- [The task]: When you find the line with "Pet-Friendly Hiawatha Retreat" among the records below, reproduce it and each line after it exactly, ending with the line with "Ultimate Spinning Static".

- [Data listing]:
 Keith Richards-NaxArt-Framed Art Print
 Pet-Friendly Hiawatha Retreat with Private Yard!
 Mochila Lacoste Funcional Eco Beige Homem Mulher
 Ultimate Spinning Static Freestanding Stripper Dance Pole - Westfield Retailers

...

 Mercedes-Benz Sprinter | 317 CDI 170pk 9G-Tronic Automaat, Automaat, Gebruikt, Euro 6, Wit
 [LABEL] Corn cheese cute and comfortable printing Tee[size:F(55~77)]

- [Exercise solution]:
 Pet-Friendly Hiawatha Retreat with Private Yard!
 Mochila Lacoste Funcional Eco Beige Homem Mulher
 Ultimate Spinning Static Freestanding Stripper Dance Pole - Westfield Retailers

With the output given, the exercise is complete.